⟨
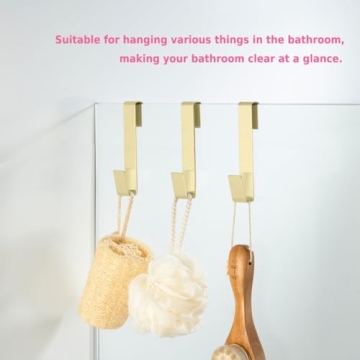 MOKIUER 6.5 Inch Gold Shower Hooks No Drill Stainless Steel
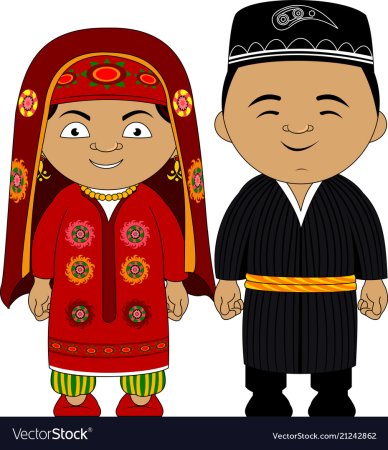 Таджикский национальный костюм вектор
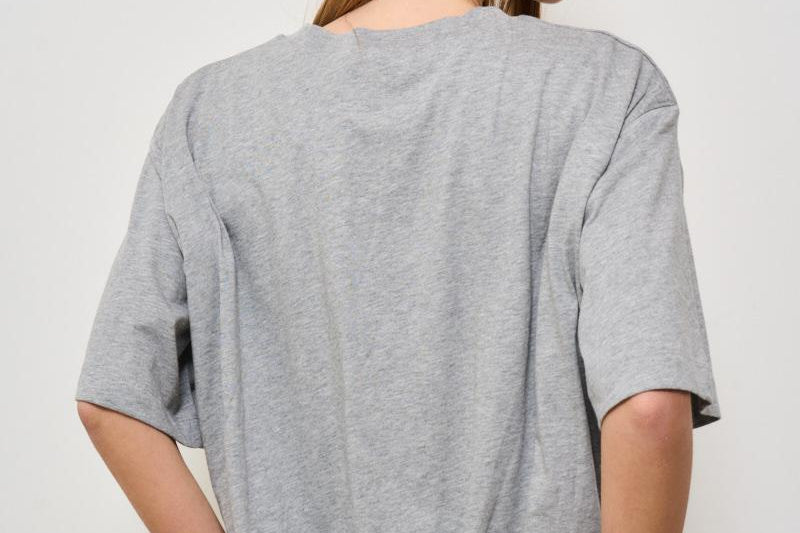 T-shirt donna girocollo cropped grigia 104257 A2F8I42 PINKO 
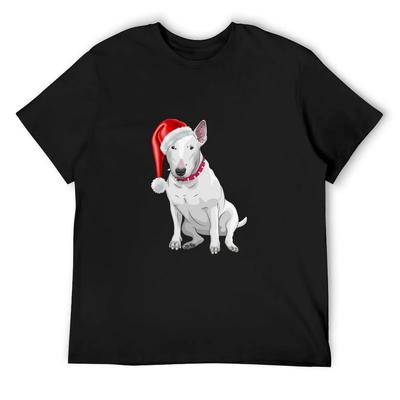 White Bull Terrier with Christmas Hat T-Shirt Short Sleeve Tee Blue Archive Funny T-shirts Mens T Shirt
⟩
⟨
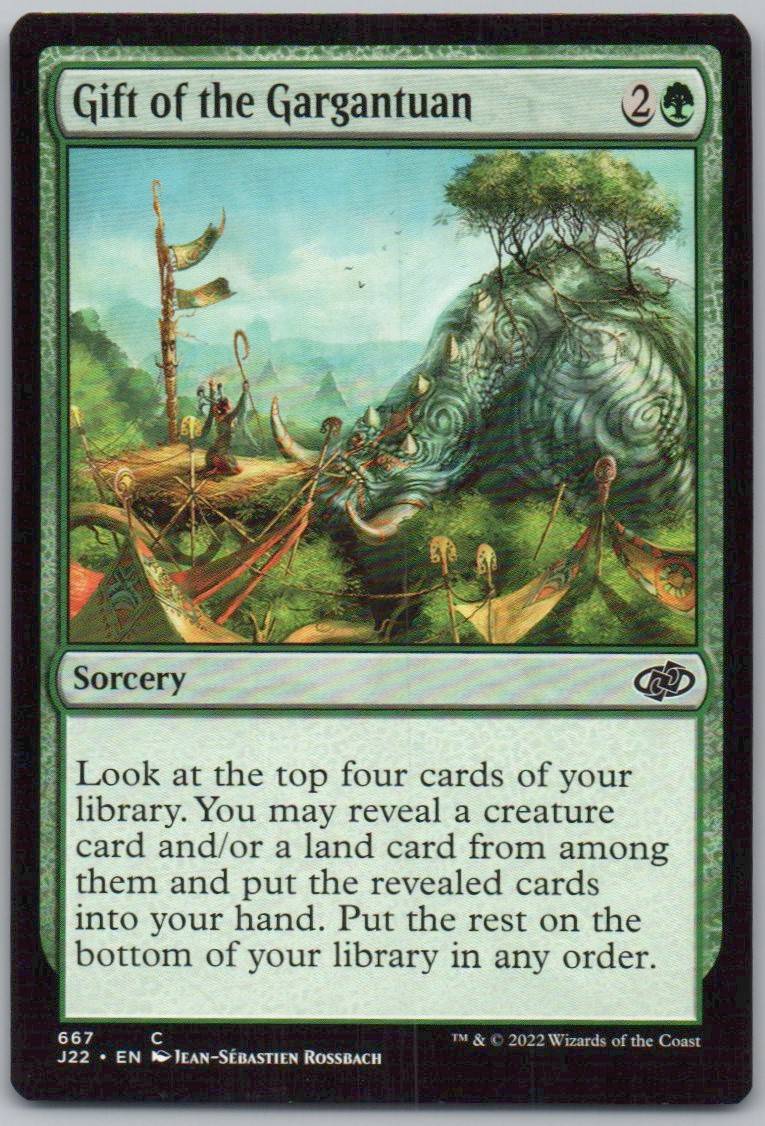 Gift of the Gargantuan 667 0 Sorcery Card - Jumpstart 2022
⟩
EXERCISE DIRECTIONS: Word for word, restate the lines above from the one with "T-shirt donna girocollo" through the one with "White Bull Terrier", keeping both ends and dropping the pictures.

ANSWER FOR THIS EXERCISE:
 T-shirt donna girocollo cropped grigia 104257 A2F8I42 PINKO 
 White Bull Terrier with Christmas Hat T-Shirt Short Sleeve Tee Blue Archive Funny T-shirts Mens T Shirt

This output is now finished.